As 2011 comes to its close I feel myself limping over the line. By the grace of God I'm alive. I'm welcome in the family of the Triune God.
I'm still doing a job I love and I've received some brilliant support and training in the last year which has increased both my knowledge of God and of myself. I've has the privilege of working as a Bible teacher and Evangelist in a wide range of contexts, opportunities I feel very thankful to have received. I'm probably playing to my strengths more than before, because I feel like I know what some of them might be now. And at home, we've received the gift of a second son and seen our first son turn into a full-blown toddler.
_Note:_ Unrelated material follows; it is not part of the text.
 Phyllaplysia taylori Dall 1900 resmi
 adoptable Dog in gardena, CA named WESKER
In many ways its been a great year, but it's also been hard.We're in the fog of sleep-deprivation. I'm not complaining. I have. I do. I've ranted. I've grumbled. Today I just identify the hardness of it and accept it. Tomorrow I might well grumble about it. Learning to repent quicker is part of maturity. I've been wrong. I am wrong. Will you forgive me?
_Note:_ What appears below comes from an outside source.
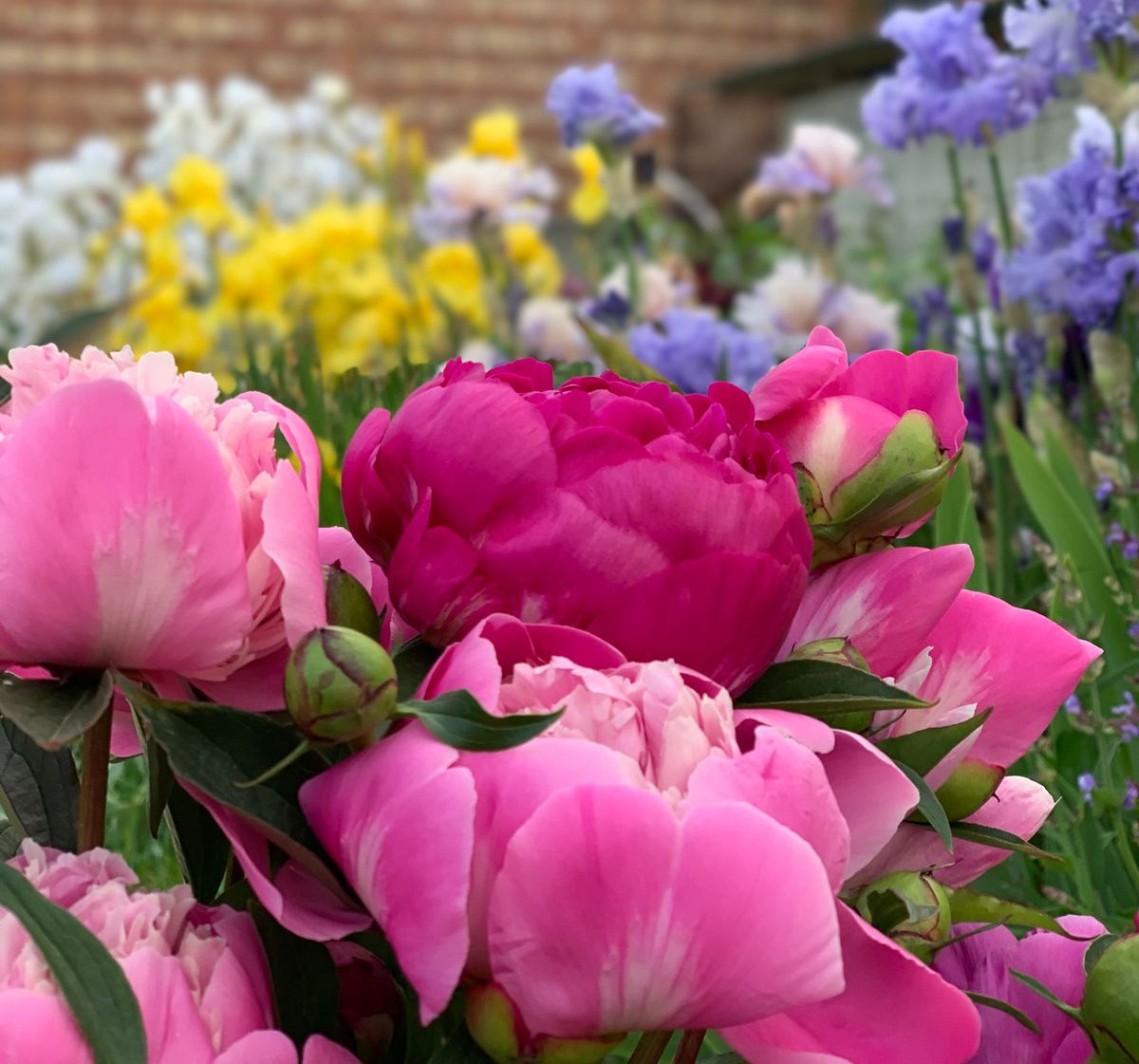 наш любимый дом наш любимый дом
The fog is a weakness that is a side-effect of one of the best of blessings. And becoming a Dad has done wonders for a lots of things in my life. Additionally, we went through a few months early in the year in which it seemed like everything we owned went wrong at substantial cost. It was relentless and a big portion of the money we'd put aside to pay the mortgage during maternity leave ended up being used to pay for other things.... Etc.
All of which is context to an evening at the end of June when I sat in a CU meeting and heard the word of God. The letter to the Laodiceans (Revelation 3) was preached, of those who would say: I need nothing.
And it pierced my heart, how readily I like to be self-sufficient; how much I liked to think I could handle my life. How I'd portray our circumstances as OK; how I'm reluctant to ask for help, preferring to fix things myself. This has it's advantages - driving me to achieve and accomplish things. But there are times when I'm never going to press through. My response such struggles in the past has been to bury my head in the sand rather than asking for help - when I struggled at University I didn't talk to my tutor, I stopped going to tutorials. Evidence that I'm a sinful idiot abounds when I'm prepared to admit it.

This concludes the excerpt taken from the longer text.